Lohnt sich der Eigenverbrauch denn überhaupt?


Blome: Auf jeden Fall. Wenn beispielsweise ein Schweinehalter rund 47 % der Sonnenenergie aus einer 54 Kilowatt-Anlage selbst verbraucht, erzielt er nach 20 Jahren Laufzeit einen Gesamtumsatz von rund 200 000 € (Anmerkung der Redaktion: 929 Kilowattstunden (kWh) Ertrag, Einspeisevergütung: 13,3 ct/kWh, Kosten für den zugekauften Strom: 0,22 ct/kWh). Liegt die Eigenverbrauchsquote hingegen nur bei 10 %, sinken die Einnahmen im gleichen Zeitraum auf etwa 144 000 €. Entsprechend niedriger fällt der Gewinn aus.


Da die Strompreise vermutlich weiter steigen, ist der Selbstverbrauch somit eine sichere Bank. Oder?
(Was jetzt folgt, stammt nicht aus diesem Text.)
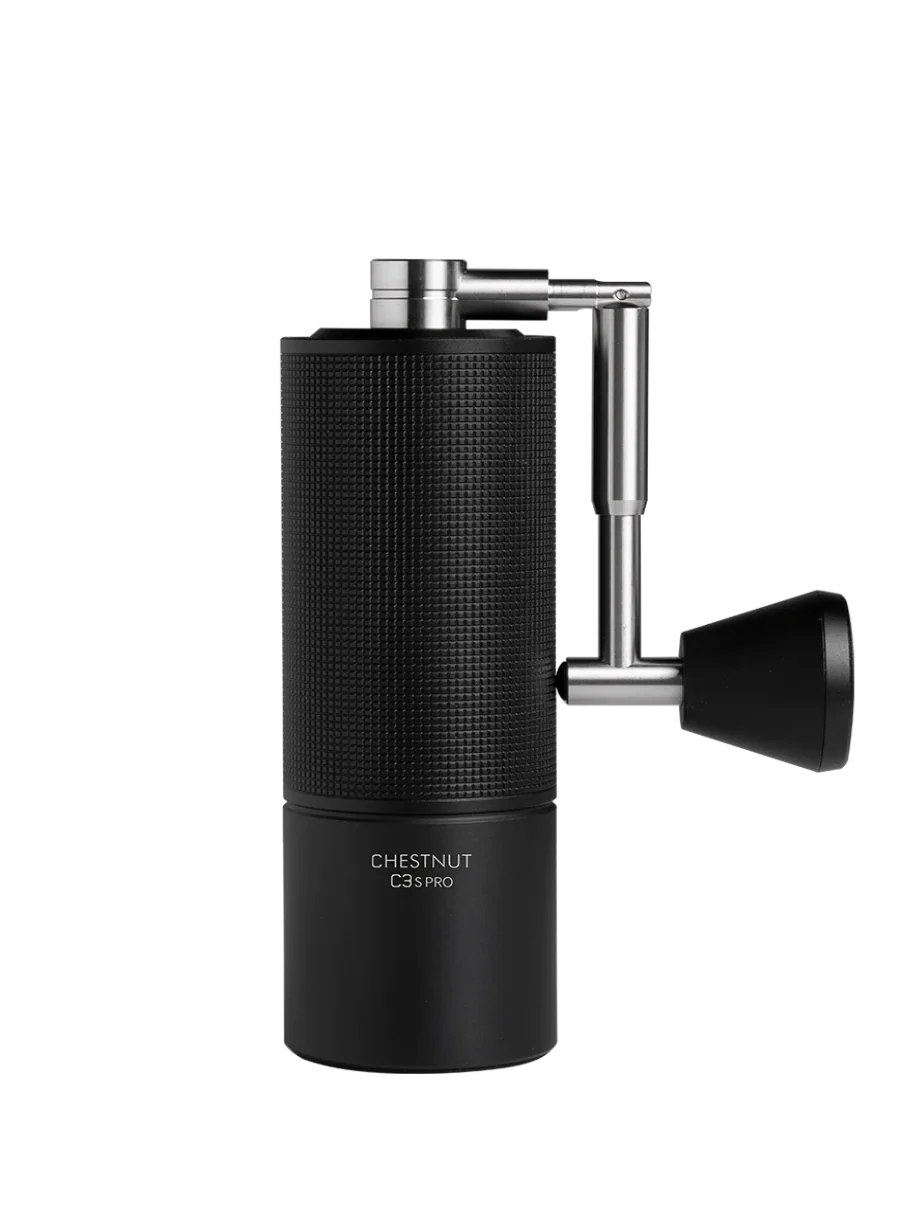 Black coffee grinder with metallic accents on a white background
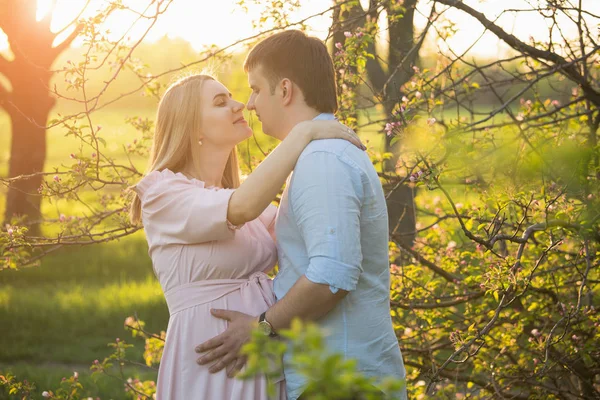 Unga gravida par i en spring park — Stockfoto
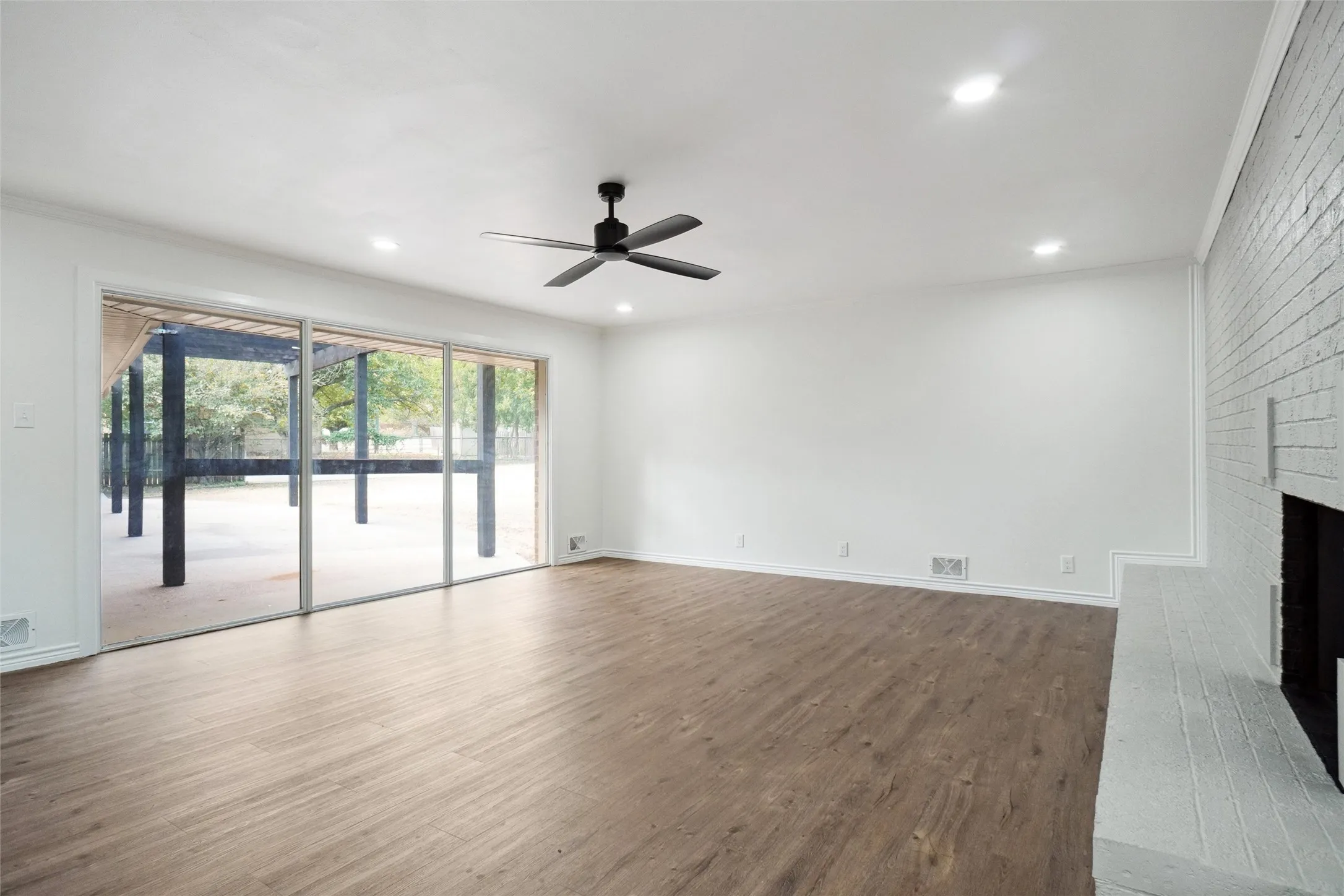 Unfurnished living room with a brick fireplace, ornamental molding, hardwood / wood-style flooring, and ceiling fan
Blome: Im vergangenen Jahr ist der Preis für Sonnenstrom unter den Endverbraucherstrompreis gesunken. Offensichtlich nimmt diese Differenz zwischen den beiden Größen unaufhaltsam zu. Wir dürfen aber nicht vergessen, dass ein erheblicher Teil des Endverbraucherstrompreises auf Abgaben und Steuern basiert.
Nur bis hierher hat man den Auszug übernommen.